His plaintive tone increased Anselm’s sense of superiority. ‘Now look here,’ he said patronizingly, ‘you and I haven’t got along so well until now, but I tell you, if we want to we can be pretty good friends. We’ll come out of this all right.’ His voice took on a confidential note. ‘Let me tell you, the friendships you make at the front last a lifetime. I’ll come to see you some time after the war, with my girl, I mean. We can spend our vacation at your place.’ He grew enthusiastic at the idea. ‘We’ll take a room at your place. A double room. Boy, it’s a shame I didn’t know you before the war. A fellow gets too old for going to the park. And no chance for anything at home; you know the old lady keeps her eyes open. The old man, too. They watch one like a hawk.’ He went on talking zestfully, and Kern listened patiently to his fantasies.... An hour later, when they went to wake Krüger, Steiner was not yet back.

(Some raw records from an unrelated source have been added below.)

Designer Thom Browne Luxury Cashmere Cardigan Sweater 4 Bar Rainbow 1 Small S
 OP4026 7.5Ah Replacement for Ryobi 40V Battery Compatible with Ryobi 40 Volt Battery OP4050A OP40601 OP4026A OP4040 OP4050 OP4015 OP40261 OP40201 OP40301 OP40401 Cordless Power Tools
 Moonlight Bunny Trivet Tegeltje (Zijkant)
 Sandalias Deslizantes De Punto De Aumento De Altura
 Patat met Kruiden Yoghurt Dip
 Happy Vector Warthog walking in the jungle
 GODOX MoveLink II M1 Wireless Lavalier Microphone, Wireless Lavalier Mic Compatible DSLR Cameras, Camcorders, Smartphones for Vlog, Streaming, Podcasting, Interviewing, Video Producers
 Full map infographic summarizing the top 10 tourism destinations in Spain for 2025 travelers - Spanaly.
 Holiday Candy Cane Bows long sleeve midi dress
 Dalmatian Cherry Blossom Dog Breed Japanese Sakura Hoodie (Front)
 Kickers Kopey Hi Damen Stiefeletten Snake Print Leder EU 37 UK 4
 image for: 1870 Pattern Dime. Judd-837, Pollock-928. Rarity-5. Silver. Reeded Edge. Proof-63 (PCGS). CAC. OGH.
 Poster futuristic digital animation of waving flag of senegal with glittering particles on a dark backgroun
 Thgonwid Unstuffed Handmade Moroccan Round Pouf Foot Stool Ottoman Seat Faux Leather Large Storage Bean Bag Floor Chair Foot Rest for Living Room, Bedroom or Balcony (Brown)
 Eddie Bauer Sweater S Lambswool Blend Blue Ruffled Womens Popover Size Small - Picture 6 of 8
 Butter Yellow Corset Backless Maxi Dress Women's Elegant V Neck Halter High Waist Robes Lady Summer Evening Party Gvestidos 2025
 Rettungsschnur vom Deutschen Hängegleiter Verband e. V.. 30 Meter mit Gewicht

Dietz and Hollerbach were the last to stand sentry. During the night Schnurrbart had given orders that if Steiner were not back by four o’clock all the men should be awakened. It was twenty minutes to four when Steiner appeared among the trees. Hollerbach spotted him first. He lowered his rifle and stared in mingled anger and relief into Steiner’s exhausted face. ‘Where did you go to?’ he asked reproachfully. Steiner ignored the question. He nodded to Dietz and walked past the sentries. His incisive voice roused the men. They scrambled up, rubbing their faces sleepily. When they realized it was Steiner, they thronged around him, hurling questions. Quietly, he lit a cigarette. Schnurrbart studied his face; in spite of the darkness he could make out Steiner’s expression, and his fear instantly took flight. The questioning gradually subsided as Steiner continued to say nothing, until at last there was silence. Schnurrbart cleared his throat. ‘Are we going?’ he asked.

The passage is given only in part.